(Image-caption web data)

—————

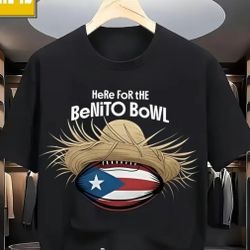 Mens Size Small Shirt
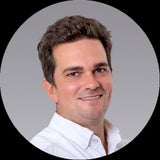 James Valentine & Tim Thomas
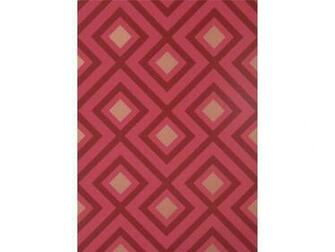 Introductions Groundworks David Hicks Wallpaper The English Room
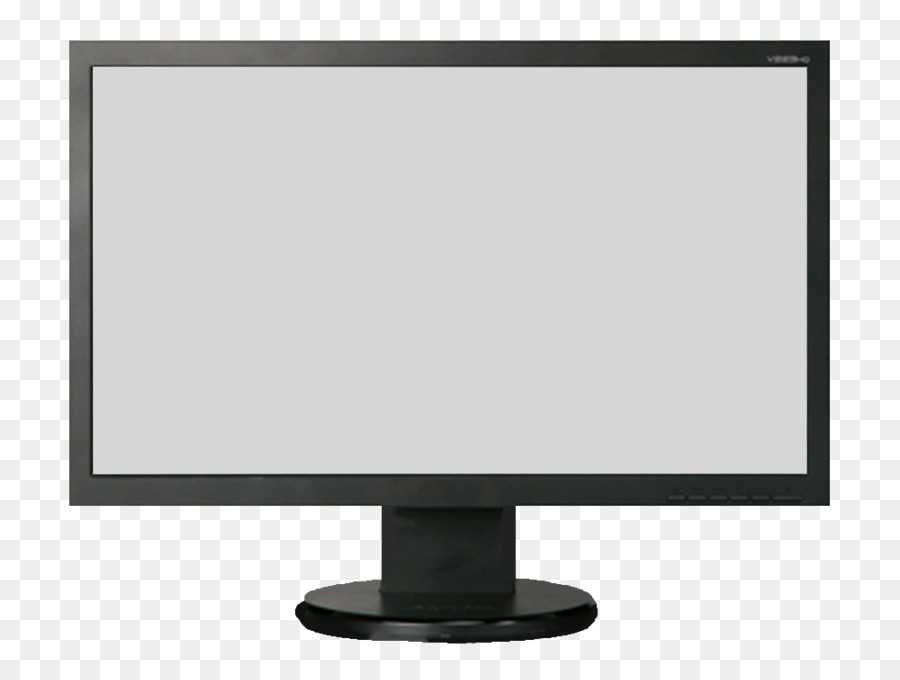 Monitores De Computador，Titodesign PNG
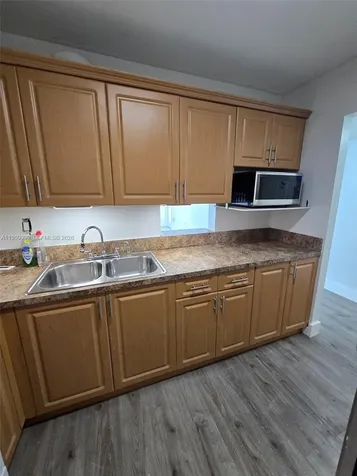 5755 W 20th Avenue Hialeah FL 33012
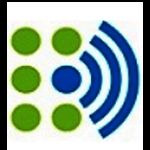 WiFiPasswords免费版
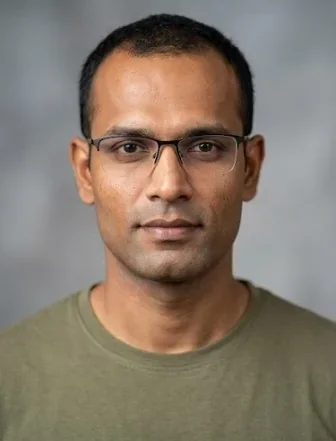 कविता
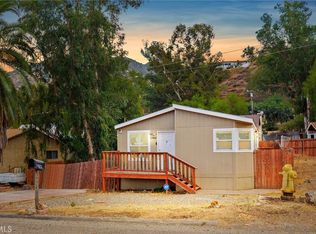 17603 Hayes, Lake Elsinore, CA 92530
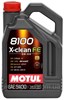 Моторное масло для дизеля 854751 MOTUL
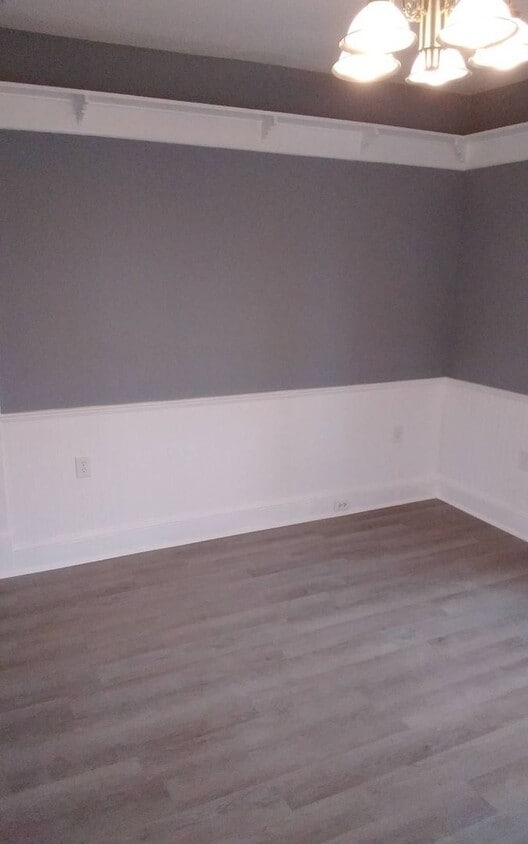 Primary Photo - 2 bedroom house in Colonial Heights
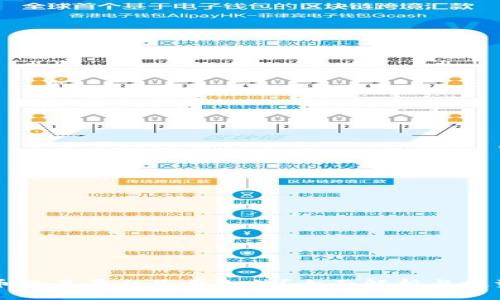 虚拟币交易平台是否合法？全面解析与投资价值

—————

__REQUIRED ACTION__
Repeat exactly the lines from the one holding "Primary Photo - 2" through the last line of the entries, both included; the pictures do not belong in the copy.

__ANSWER TO THIS PROBLEM__
 Primary Photo - 2 bedroom house in Colonial Heights
 虚拟币交易平台是否合法？全面解析与投资价值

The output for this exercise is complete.